Une des composantes majeures du «Revival Tunis» serait de baser la réhabilitation sur l’introduction de nouveaux usages : densifier le tissu urbain en occupants les toitures (voir simulation OVNI et NID page), introduire de nouveaux appartements dans un étage courant pour favoriser le rapprochement intergénérationnel (voir simulation IMPLANT) et enfin, encourager les sociétés à investir des immeubles et amener dans leurs sillages de nouveaux programmes tels que les restaurants d’entreprise, des crèches, des salles de sports ou centres de bien être.
L’introduction de ces nouveaux usages nécessite une remise aux normes, un confort thermique intelligent et des travaux d’embellissements.
Il est alors, fort à parier que ce Revival ferait appel à l’utilisation de nouvelles matières telles que les nouvelles cloisons qui, tout en restant légères, permettent de bénéficier d’une forte inertie, grâce à des composants chimiques à changement de phase.

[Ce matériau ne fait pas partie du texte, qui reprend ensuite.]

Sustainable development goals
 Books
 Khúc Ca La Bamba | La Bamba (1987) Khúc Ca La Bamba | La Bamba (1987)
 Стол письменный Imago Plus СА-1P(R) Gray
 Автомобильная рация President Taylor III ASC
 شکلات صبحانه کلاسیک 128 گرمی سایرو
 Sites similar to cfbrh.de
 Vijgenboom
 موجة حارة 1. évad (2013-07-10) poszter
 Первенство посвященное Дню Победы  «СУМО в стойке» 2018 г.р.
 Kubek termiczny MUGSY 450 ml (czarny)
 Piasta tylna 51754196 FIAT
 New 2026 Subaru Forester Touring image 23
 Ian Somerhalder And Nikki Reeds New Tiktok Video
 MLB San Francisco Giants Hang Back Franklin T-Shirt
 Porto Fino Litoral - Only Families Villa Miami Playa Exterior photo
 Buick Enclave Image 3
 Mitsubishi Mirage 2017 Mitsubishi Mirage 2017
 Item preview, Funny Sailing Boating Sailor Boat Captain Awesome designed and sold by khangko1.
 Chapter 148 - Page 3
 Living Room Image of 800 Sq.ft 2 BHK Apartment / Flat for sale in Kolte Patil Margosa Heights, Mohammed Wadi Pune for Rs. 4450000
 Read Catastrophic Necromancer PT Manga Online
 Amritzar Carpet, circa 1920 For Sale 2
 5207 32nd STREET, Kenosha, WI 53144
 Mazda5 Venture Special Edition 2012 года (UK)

Ce parti pris de la légèreté et d’un bon confort thermique rendrait possible l’occupation des toitures, sans trop alourdir les structures existantes.
Au-delà de l’utilisation de matières sophistiquées, le rafraîchissement et l’ombre pourraient également passer par l’intégration de l’eau et de la végétation à des endroits improbables (voir simulation LABYRINTHE). Le Revival est aussi un moyen de sortir la ville de son ambivalence vernaculaire / contemporain «moderniste». De nouvelles formes architecturales pourraient ainsi émerger, parallèlement aux ravalements des façades et des parties communes.
Les simulations présentées dans les pages suivantes montrent à quel point des réponses architecturales nouvelles et adaptées peuvent, à la fois mettre en valeur et modifier l’image des bâtiments existants, pour le plus grand bonheur de leurs occupants.
Le Revival est un concept qui propose à la ville de Tunis d’évoluer et de se construire sur elle même afin d’envisager un avenir prospère. C’est un moyen de rendre ce centre plus attractif, d’établir en son sein une économie dynamique, un cadre de vie pérenne et l’amener vers une densification plus durable que le mitage que l’on constate actuellement.
Simulation l’OVNI
Destination : Habitation
Emplacement : Toit terrasse
Caractéristiques : Cloisons à changement
de phase et pilotis d’acier.
Simulation IMPLANT
Destination : Habitation
Emplacement : Entre deux immeubles formant une passerelle.
Caractéristiques : Structure acier et façade en maçonnerie.
Simulation LABYRINTHE
Destination : Habitation
Emplacement : Toit terrasse
Caractéristiques : Pallissades en bois formant des écrans ou claustras diposés parallèlement afin de libérer des espaces pour des bassins d’eau et de la végétation
Simulation LE NID
Destination : Restaurant nocture
Emplacement : Une partie de toiture
Caractéristiques : Bardage en bois et escalier d’accès en acier galvanisé.